Calma solo apparente

Il Consiglio di domani, a differenza di quanto accaduto in passato, non dovrebbe riservare colpi di scena. Basti pensare all’approvazione del Bilancio del 2018, che fu il detonatore che fece saltare la vecchia giunta di centrosinistra targata Bassetta, con l’uscita della delegazione del Pd e il conseguente scioglimento anticipato della coalizione.
Oggi, lo scenario è diverso: non dovrebbero esserci difficoltà insormontabili sull’approvazione. La maggioranza sembra compatta, almeno in superficie. Ma proprio questa compattezza, priva di dibattito, fa emergere una serie di problemi politici sotterranei che meritano di essere analizzati.
La staffetta in giunta un nodo mai sciolto

Il primo e più evidente problema riguarda la tanto discussa e mai attuata “staffetta” tra Idea Anagni e Forza Italia per un posto all’interno della giunta Natalia.

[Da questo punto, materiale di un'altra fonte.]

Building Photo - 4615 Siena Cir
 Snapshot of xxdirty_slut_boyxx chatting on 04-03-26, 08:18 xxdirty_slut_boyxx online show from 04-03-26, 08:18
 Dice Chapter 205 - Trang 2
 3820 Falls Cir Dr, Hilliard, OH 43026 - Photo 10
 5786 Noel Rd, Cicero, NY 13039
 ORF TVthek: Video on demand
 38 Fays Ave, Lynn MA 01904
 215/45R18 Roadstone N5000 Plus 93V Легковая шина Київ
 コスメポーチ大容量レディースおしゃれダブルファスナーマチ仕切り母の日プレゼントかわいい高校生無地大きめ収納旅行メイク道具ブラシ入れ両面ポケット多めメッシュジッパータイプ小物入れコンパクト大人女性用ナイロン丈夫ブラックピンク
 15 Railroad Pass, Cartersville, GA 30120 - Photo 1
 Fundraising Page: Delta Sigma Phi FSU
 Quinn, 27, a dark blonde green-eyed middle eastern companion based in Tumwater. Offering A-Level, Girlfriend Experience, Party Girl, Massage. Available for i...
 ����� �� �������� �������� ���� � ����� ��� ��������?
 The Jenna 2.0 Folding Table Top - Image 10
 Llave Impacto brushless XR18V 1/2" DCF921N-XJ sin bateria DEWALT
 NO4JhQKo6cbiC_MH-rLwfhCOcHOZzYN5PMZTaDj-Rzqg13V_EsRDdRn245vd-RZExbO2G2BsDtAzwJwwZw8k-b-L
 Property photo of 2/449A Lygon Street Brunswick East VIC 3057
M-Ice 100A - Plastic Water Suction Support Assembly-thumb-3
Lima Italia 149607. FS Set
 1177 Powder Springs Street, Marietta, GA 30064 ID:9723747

Le voci su un possibile avvicendamento tra gli assessori sembrano essere state definitivamente messe a tacere. Ormai è assodato che non ci sarà alcun cambio della guardia, almeno fino al 2027.
Il nocciolo della questione è politico: l’attuale assessora all’Istruzione, Chiara Stavole, rimarrà al suo posto. Scelta che non deriva (tanto) da una particolare valutazione sul suo lavoro, ma dalla necessità di non indebolire il Partito di riferimento (Forza Italia) e, per estensione, l’intera compagine di maggioranza.

Di conseguenza, gli assessori e gli esponenti del Partito del sindaco resteranno esattamente nelle posizioni che occupano. Il messaggio è chiaro: si preferisce la stabilità, anche a costo della stagnazione, al rischio di innescare una (possibile) fibrillazione interna attraverso la mobilità delle deleghe. Questo immobilismo, se da un lato garantisce la tenuta della giunta, dall’altro impedisce il naturale ricambio di energie e idee, tenendo in sospeso le ambizioni di chi sperava in un rimescolamento delle carte.
Consiglio comunale senza confronto
Un altro elemento è la progressiva trasformazione del Consiglio comunale in una sorta di assise monocolore. Con la progressiva evaporazione dell’opposizione, lo spazio per il dibattito interno alla maggioranza si è ridotto ai minimi termini. Da mesi non si tengono riunioni di maggioranza vere e proprie.

L’ingresso dei nuovi consiglieri, anziché portare nuova linfa e momenti di confronto, sembra aver paradossalmente creato una cristallizzazione, senza più una vera e propria verifica periodica tra i componenti dell’area di governo. Questa assenza di discussione e confronto rischia di creare una situazione di stagnazione nella linea politica e amministrativa. Anche perché i malumori non spariscono, ma vengono semplicemente veicolati (almeno per ora) sotto traccia.